Segment Start: Excerpted records

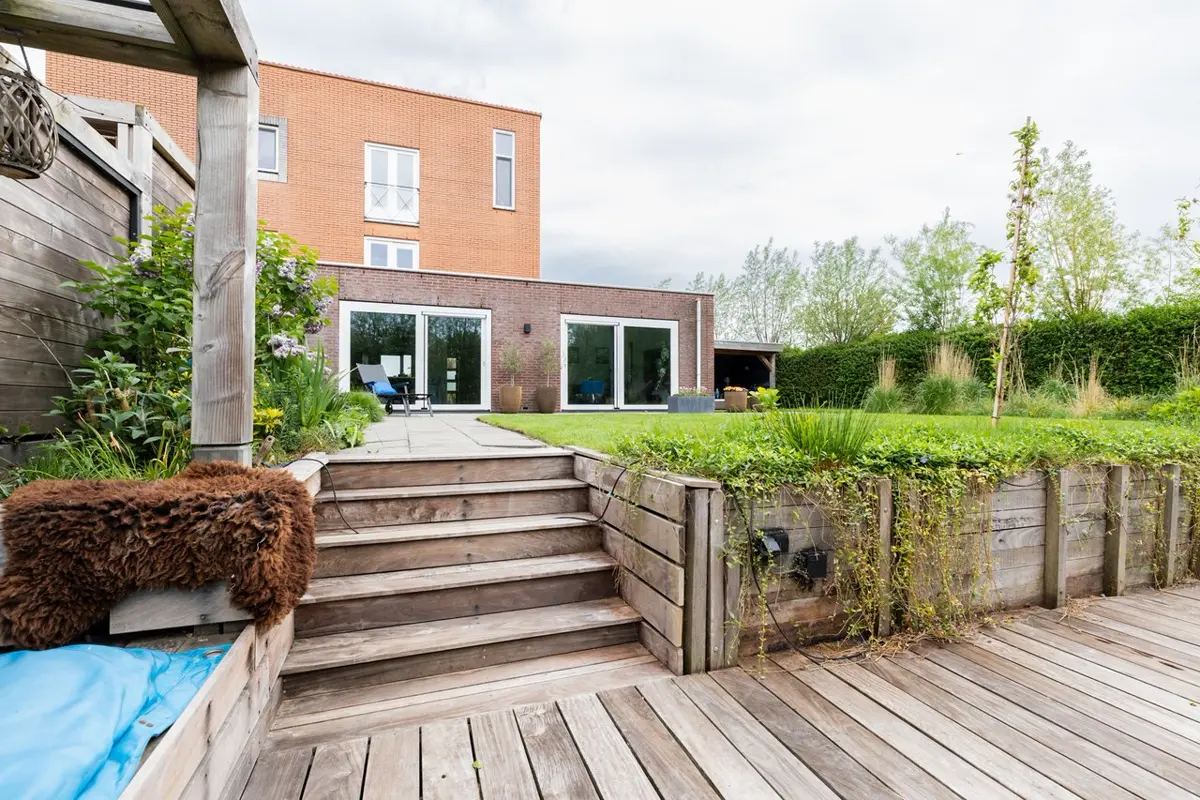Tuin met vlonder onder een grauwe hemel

Segment End: Excerpted records
Segment Start: Excerpted records

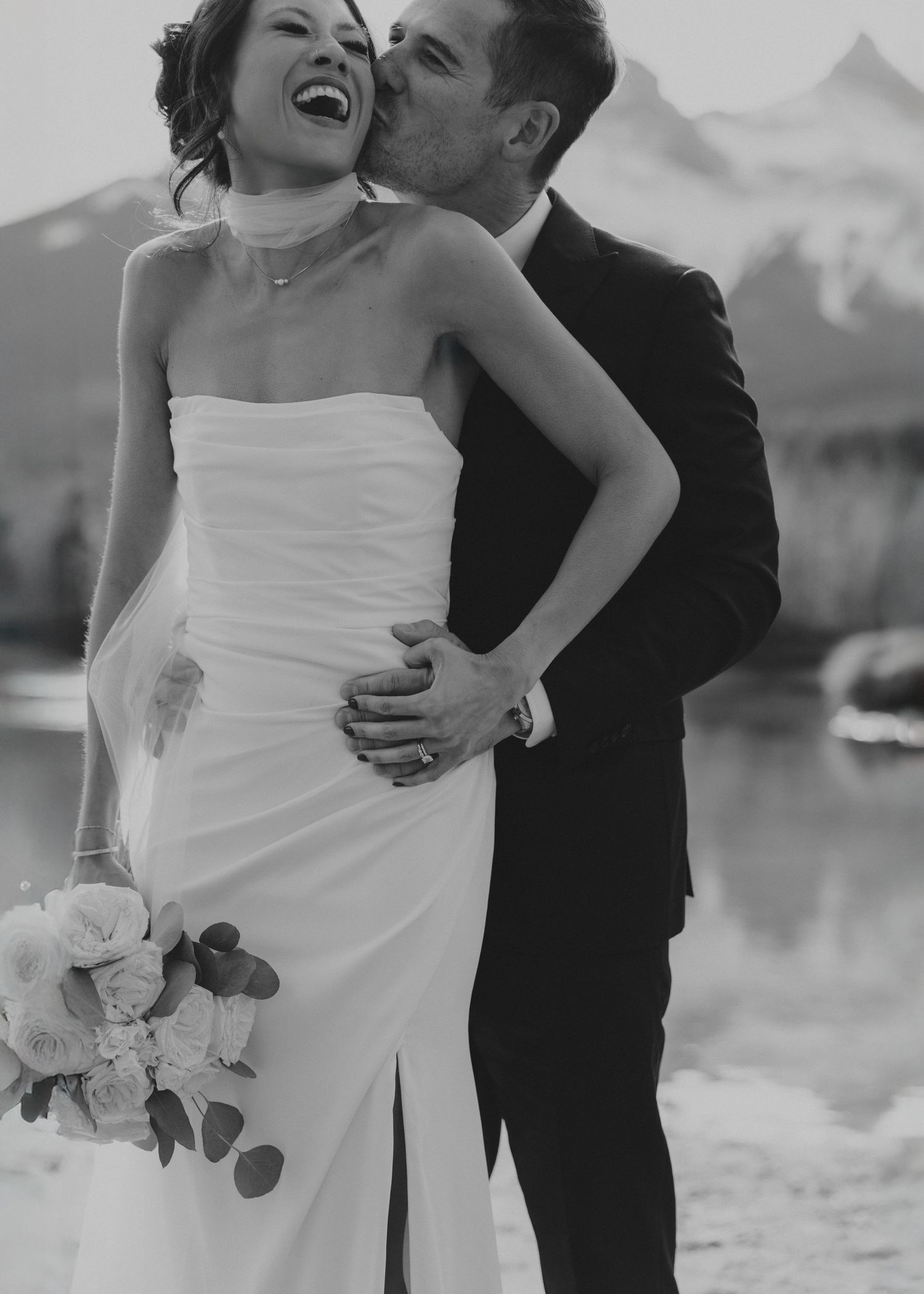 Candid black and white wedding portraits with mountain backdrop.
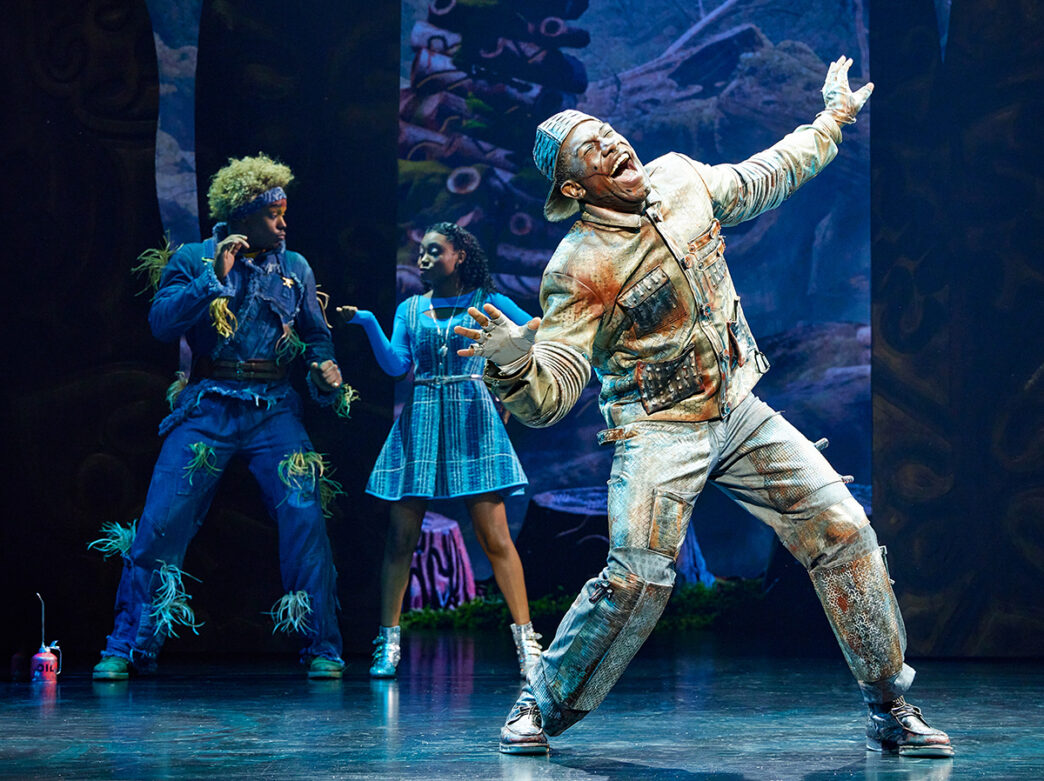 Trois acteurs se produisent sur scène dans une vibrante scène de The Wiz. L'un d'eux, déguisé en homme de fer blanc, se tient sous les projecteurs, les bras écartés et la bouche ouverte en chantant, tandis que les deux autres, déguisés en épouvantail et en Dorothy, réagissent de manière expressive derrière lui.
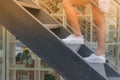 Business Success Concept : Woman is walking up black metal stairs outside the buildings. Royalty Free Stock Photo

Segment End: Excerpted records
Segment Start: Excerpted records

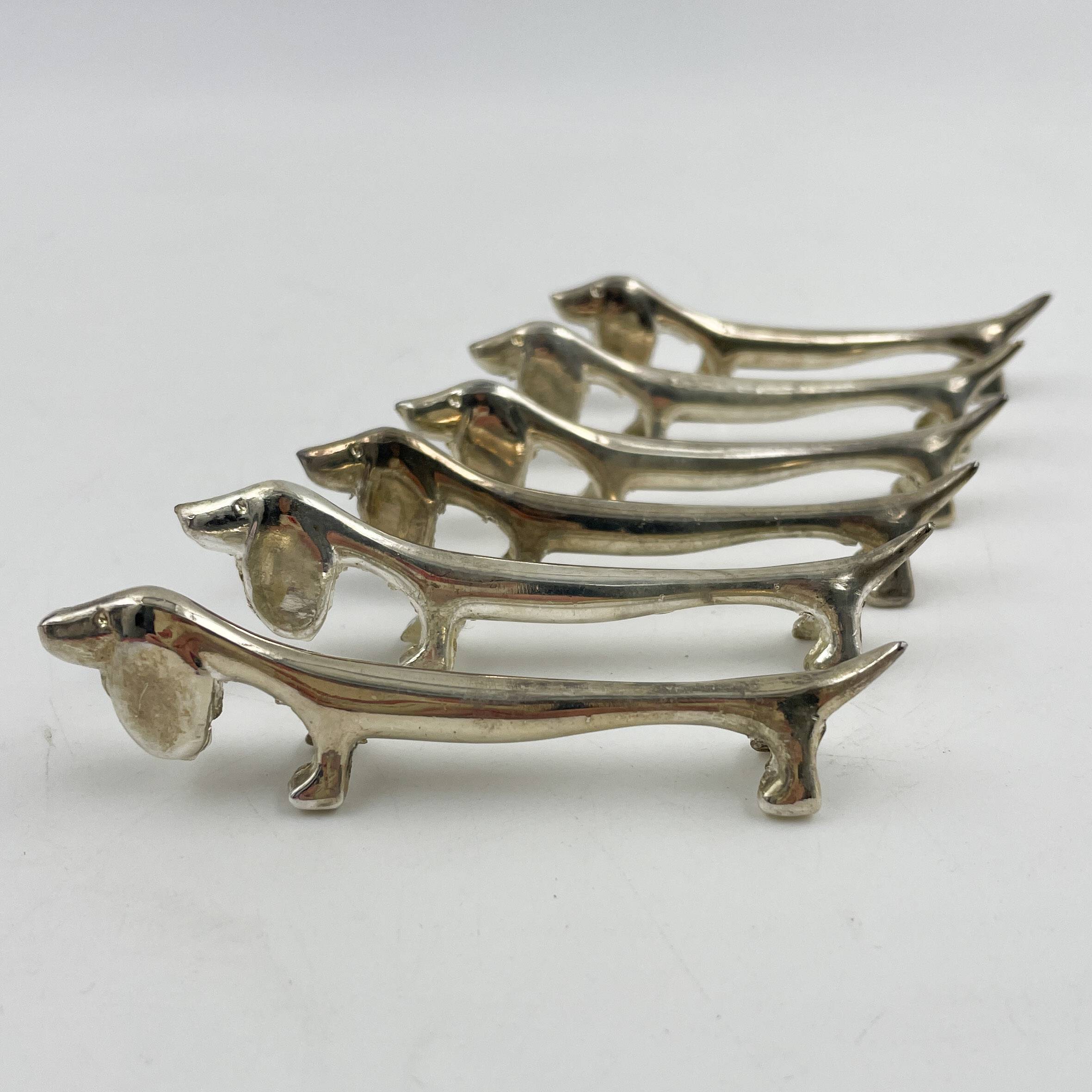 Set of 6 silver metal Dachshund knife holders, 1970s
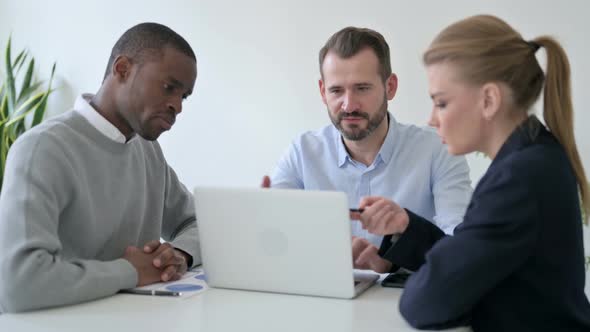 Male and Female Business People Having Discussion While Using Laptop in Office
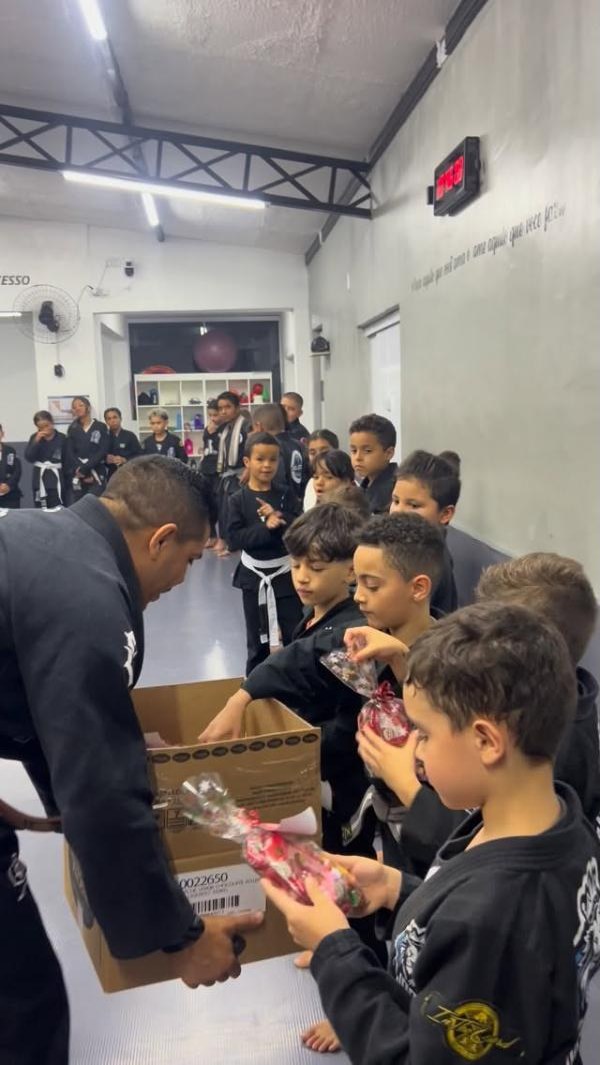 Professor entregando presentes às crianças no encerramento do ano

Segment End: Excerpted records

Give exactly the lines above that run from the line with "Candid black and" to the line with "Business Success Concept", both included, leaving every picture out.

 Candid black and white wedding portraits with mountain backdrop.
 Trois acteurs se produisent sur scène dans une vibrante scène de The Wiz. L'un d'eux, déguisé en homme de fer blanc, se tient sous les projecteurs, les bras écartés et la bouche ouverte en chantant, tandis que les deux autres, déguisés en épouvantail et en Dorothy, réagissent de manière expressive derrière lui.
 Business Success Concept : Woman is walking up black metal stairs outside the buildings. Royalty Free Stock Photo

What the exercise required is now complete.